▶ **Task goal**: In the data below, find the line containing "Urban monocular mapping" and the line containing "Escárcega average rain in June", then reproduce them and every line between, exactly. Omit pictures.

▶ **Extracted data**:
_ _ _ _ _

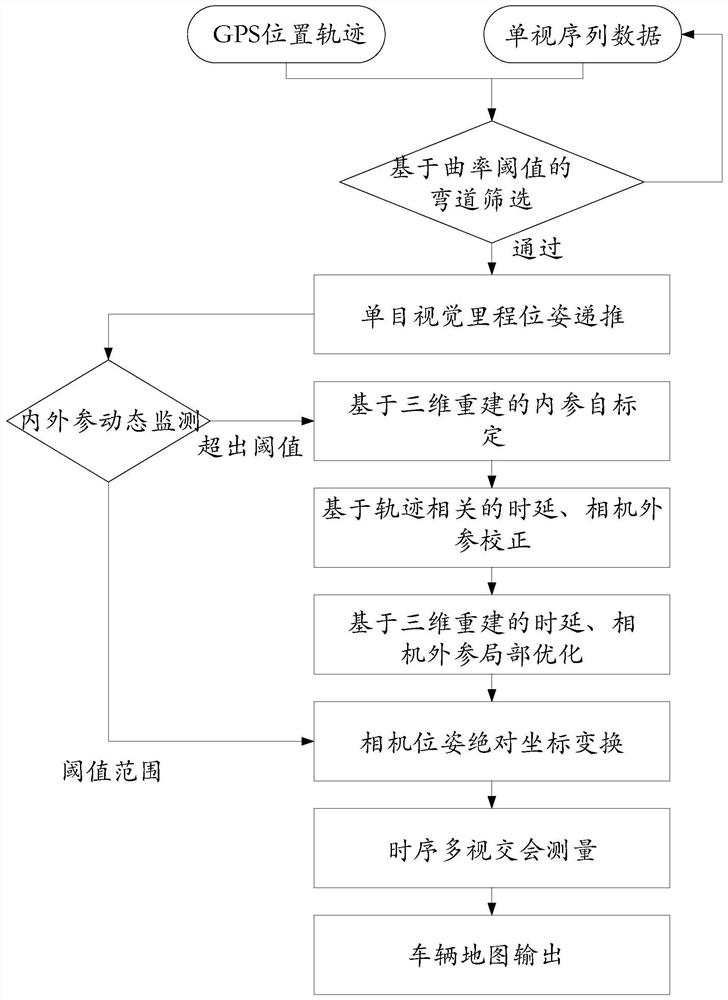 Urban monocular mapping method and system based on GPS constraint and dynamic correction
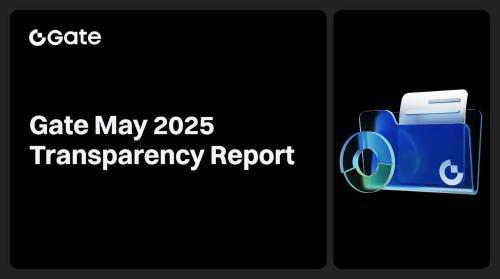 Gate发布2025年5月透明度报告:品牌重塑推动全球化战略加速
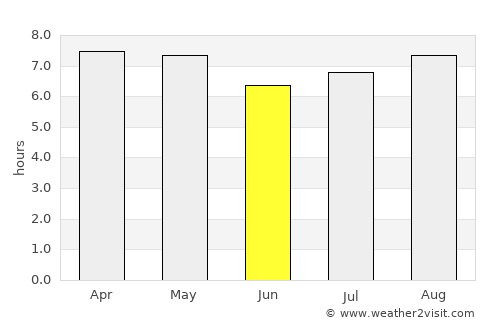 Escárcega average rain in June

_ _ _ _ _

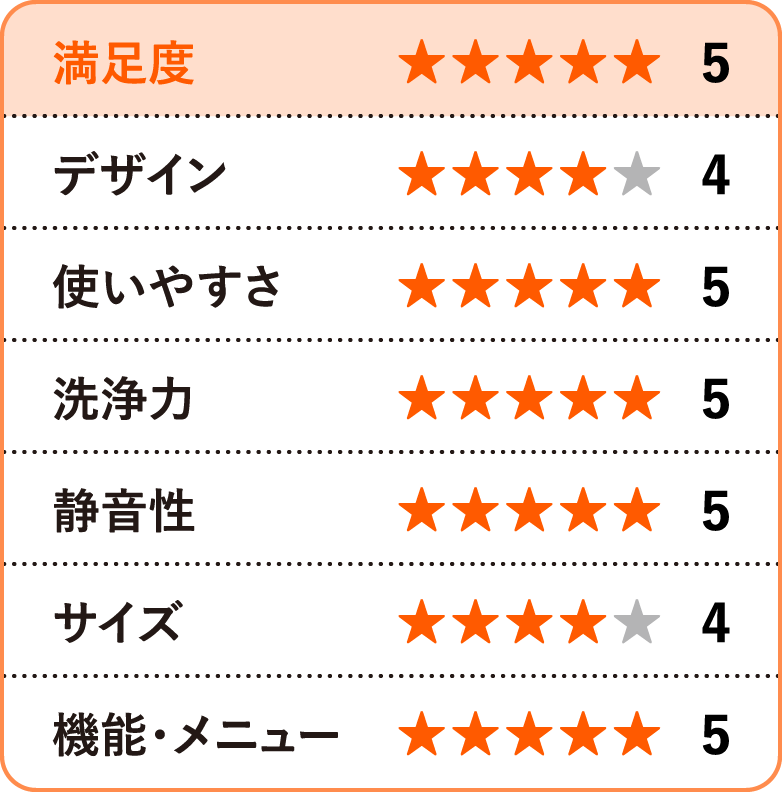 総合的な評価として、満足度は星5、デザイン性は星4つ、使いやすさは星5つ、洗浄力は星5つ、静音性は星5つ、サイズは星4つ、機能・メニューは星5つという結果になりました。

_ _ _ _ _

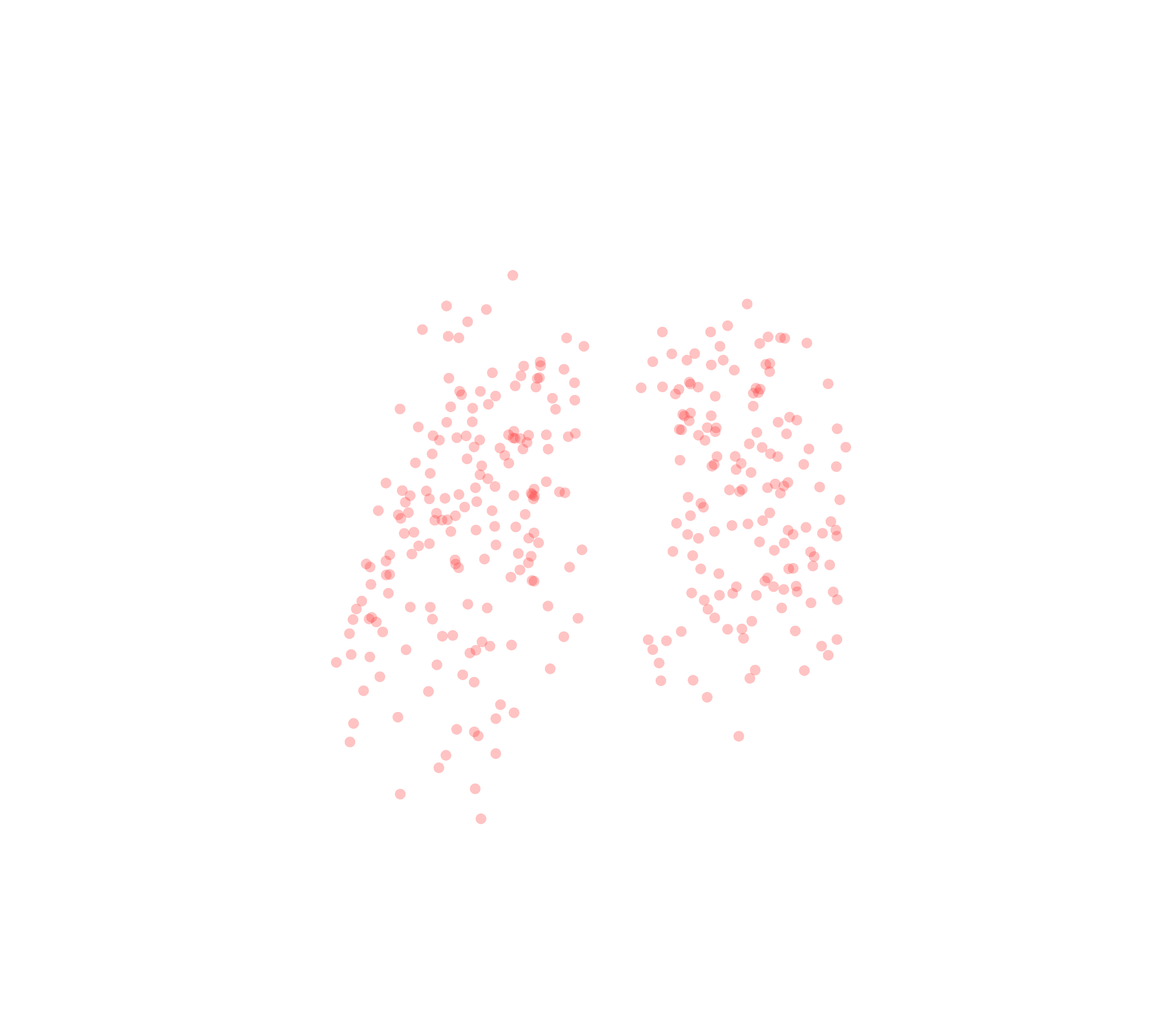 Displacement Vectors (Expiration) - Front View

_ _ _ _ _

▶ **Reply**:
 Urban monocular mapping method and system based on GPS constraint and dynamic correction
 Gate发布2025年5月透明度报告:品牌重塑推动全球化战略加速
 Escárcega average rain in June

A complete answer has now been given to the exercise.